Serial child sex predator Daryl Hore wins five-year fight for freedom, will be released from prison
A serial SA child sex offender has won a five-year court fight for freedom, and will be released back into the community.
Police & Courts
Don't miss out on the headlines from Police & Courts. Followed categories will be added to My News.
Serial child sex predator Daryl Martin Hore has won his five-year fight to be released into the community.
The Supreme Court has ruled Hore is willing to control his sexual instincts – provided he is subject to more than 30 stringent release conditions.
Hore, 45, who is being held in Mt Gambier Prison, is likely to be released into the community later this year when suitable accommodation is located.
He is the second serial sex offender to be released on licence following a ruling by the High Court last June that overturned rulings by SA’s Court of Appeal. The first, Jacob Arthur Wiche, was released in April after the Supreme Court reconsidered his application for release.
In Supreme Court hearings considering Hore’s application for release on licence and in two psychiatric reports it was revealed he had been prescribed anti-libidinal medication since 2021 that had reduced his “bad thoughts’’ concerning young boys and his risk of reoffending.
ARCHIVE: All the child sex offender cases we’ve covered in 2023
Hore was first arrested in 2003 after indecently assaulting a boy, 10. He was convicted in 2007 and given a two-year suspended prison sentence.
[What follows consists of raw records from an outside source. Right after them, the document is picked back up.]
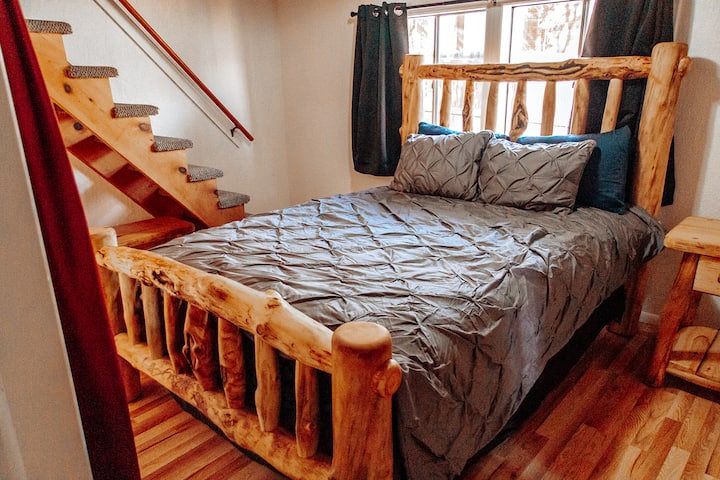 Dormitorio - Cama tamaño queen hecha a mano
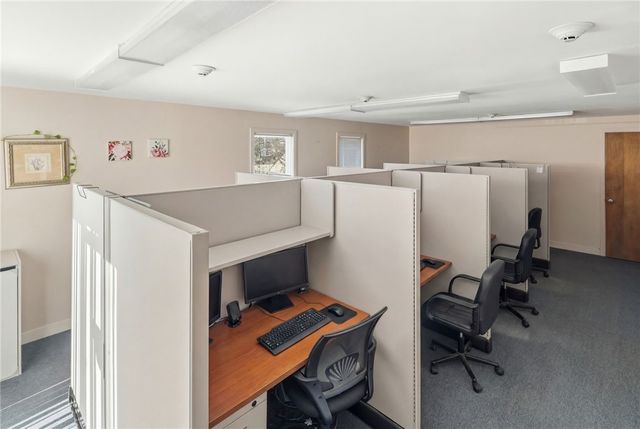 544 Douglas Avenue, Providence, RI 02908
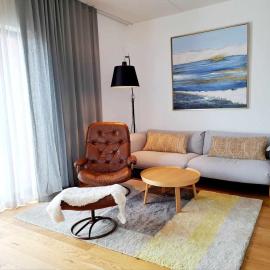 Downtown 2BR with Balcony & Free Secure Garage Parking
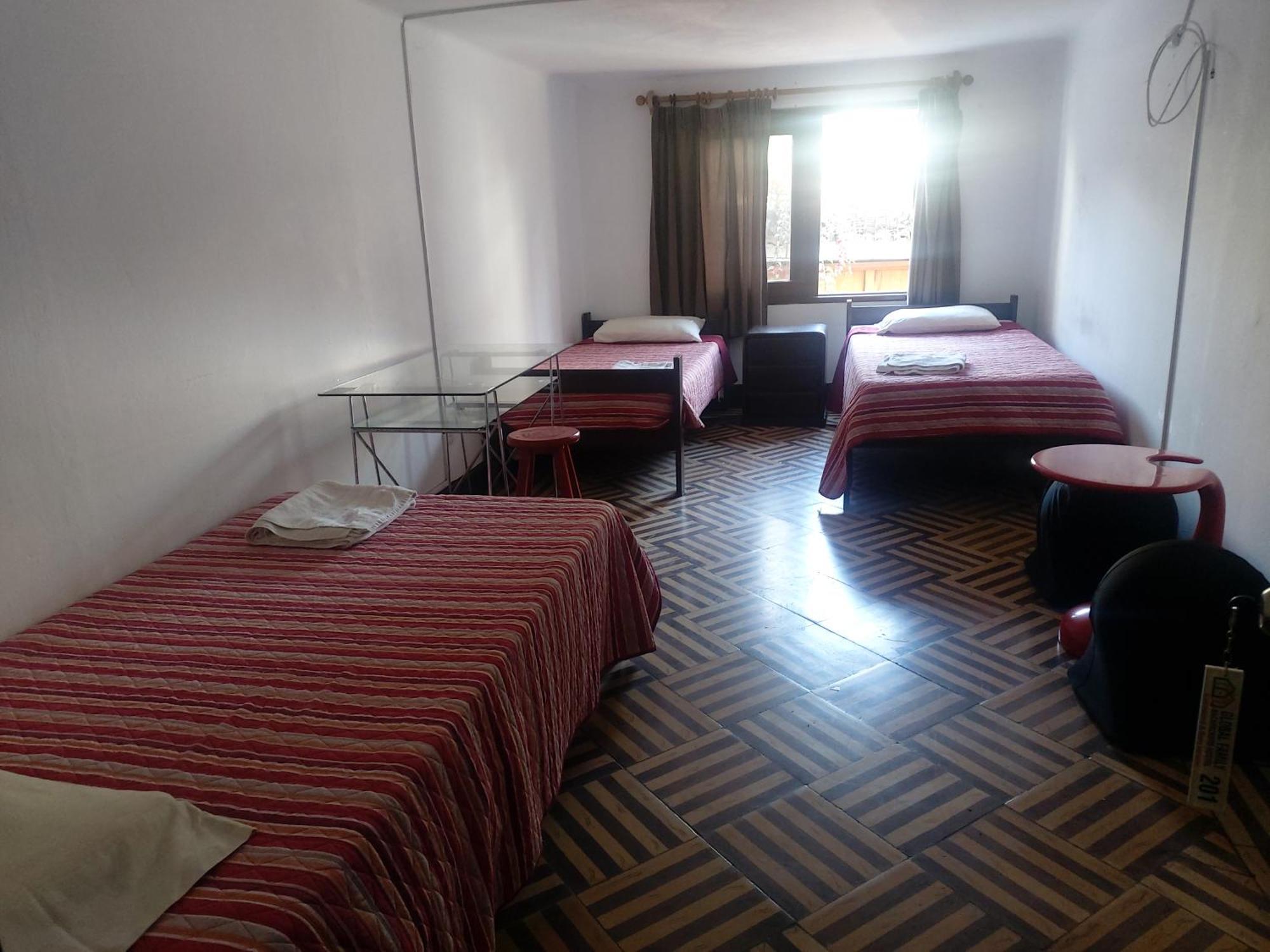 Global Family Backpackers Hostel 利马 外观 照片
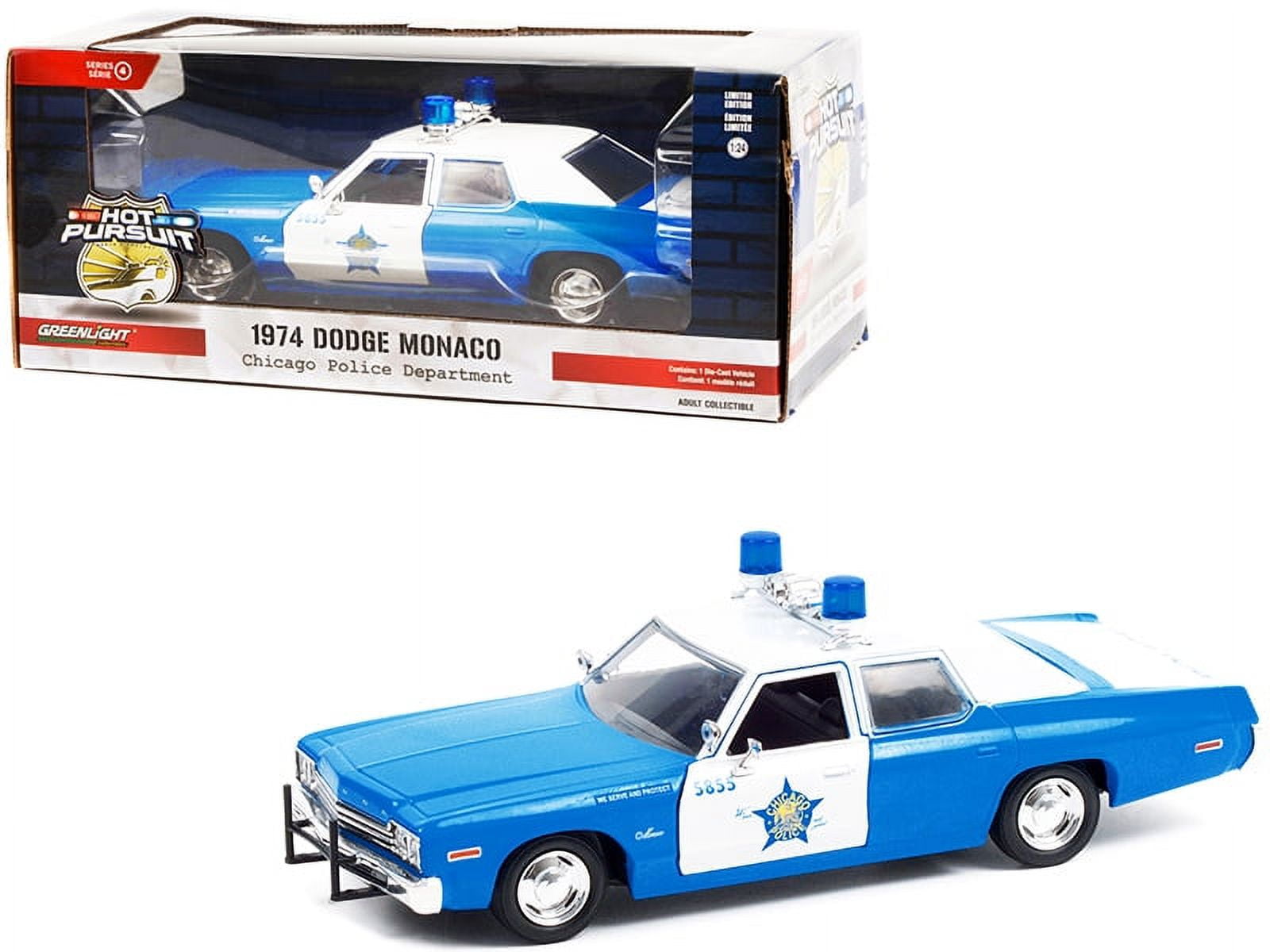 Greenlight 1 24 Scale CPD Chicago Police Department Hot Pursuit 1974 Dodge Diecast Model Car Blue White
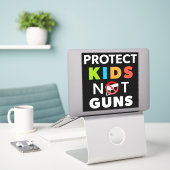銃の制御 – 銃保護の暴力ではない子供 シール (デスク上のノートパソコン)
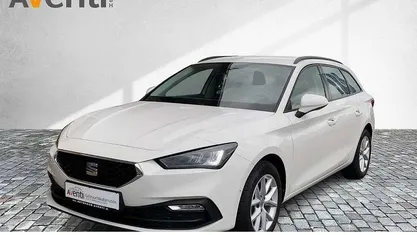 Candy weiss Gebraucht 2024 Seat Leon ST Style Kombi | 22.749 € (Guter Preis)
While he was awaiting trial for the 2003 offending, Hore offended against another boy, 10, and was convicted and given a two-year and six-month sentence.
When he was released from prison in 2013 he contravened his sex offender register provisions by moving in with a woman who had young children. When his computer was searched by police they found it contained almost 500 items of child exploitation material. He was convicted and sentenced to another 16 months in prison.
It was towards the end of that sentence in 2016 the Attorney-General applied to the court and obtained an order he be detained until further order. Hore applied for release on licence in 2018 but this was refused by the Supreme Court and Court of Appeal.
In her judgment Justice Judy Hughes states there is no evidence Hore is incapable of controlling his sexual instincts and the “only question is whether he is willing to control his sexual instincts’’.
“The court may be satisfied that Mr Hore is “willing” to control his sexual instincts where there is not a significant risk that he would, given an opportunity to commit a relevant offence, fail to exercise appropriate control of his sexual instincts,’’ Justice Hughes states.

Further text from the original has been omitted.